Attorneys for Samantha Merideth filed the federal lawsuit Friday naming Vanderburgh County Prosecutor Nick Hermann and the county as defendants.
It alleges that Hermann retaliated against Merideth after the alleged hotel incident and unfairly fired her last year.
She’s seeking a jury trial and unspecified damages.
In her lawsuit, Merideth alleges that during a 2013 business trip to Chicago, Hermann made inappropriate comments during dinner and asked her back to his hotel room for a drink.
There, Hermann allegedly put her in handcuffs in his room, put a gun on the room’s desk and blocked her attempt to leave his room.
The suit contends that Hermann then picked Merideth up, threw her over his shoulder and carried her back to a chair before she eventually fled the room, the Evansville Courier & Press reported.
“Upon returning to work, Samantha was subjected to defamatory rumors, a hostile work environment, and retaliation.
Samantha refuses to be taken advantage of and refuses to let Nicholas Hermann escape justice,” Merideth’s attorneys said in a news release.

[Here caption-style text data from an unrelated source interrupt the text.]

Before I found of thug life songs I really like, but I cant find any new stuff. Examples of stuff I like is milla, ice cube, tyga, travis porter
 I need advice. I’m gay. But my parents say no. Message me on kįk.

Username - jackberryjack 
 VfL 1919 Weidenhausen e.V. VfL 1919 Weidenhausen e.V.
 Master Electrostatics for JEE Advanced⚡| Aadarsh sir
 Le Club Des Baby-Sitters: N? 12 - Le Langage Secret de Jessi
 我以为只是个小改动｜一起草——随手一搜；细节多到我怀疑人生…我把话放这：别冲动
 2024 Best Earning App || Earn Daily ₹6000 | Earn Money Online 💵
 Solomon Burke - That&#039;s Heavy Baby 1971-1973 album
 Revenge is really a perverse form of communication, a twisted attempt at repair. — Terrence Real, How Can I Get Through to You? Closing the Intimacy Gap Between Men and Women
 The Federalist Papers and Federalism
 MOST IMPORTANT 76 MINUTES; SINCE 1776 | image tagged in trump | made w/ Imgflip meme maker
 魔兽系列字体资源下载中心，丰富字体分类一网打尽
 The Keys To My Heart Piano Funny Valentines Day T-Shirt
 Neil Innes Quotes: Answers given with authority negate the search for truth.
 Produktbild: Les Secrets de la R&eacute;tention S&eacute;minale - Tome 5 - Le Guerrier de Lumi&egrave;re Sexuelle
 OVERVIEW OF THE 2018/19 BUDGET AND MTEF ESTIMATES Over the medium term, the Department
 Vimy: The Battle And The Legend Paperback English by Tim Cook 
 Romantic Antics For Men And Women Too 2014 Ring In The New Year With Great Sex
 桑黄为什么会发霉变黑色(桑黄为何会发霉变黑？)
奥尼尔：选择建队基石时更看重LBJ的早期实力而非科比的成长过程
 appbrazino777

In a statement issued by his office, Hermann denied making advances toward Merideth and said he “adamantly” disagrees with her account of their interaction.
He said Merideth told him later that he had made her uncomfortable, but that this was not his intention.
Hermann said he and his office would not comment further about the lawsuit because it is pending.
Merideth said she continued to work at the prosecutor’s office until last year because the job was fulfilling and offered good benefits, and she didn’t feel she should have to resign.
She alleges in her suit that she was forced to resign as soon as Hermann — a Republican who was first elected prosecutor in 2010 — started a new four-year term as prosecutor in January 2019, and that her ouster amounted to wrongful termination.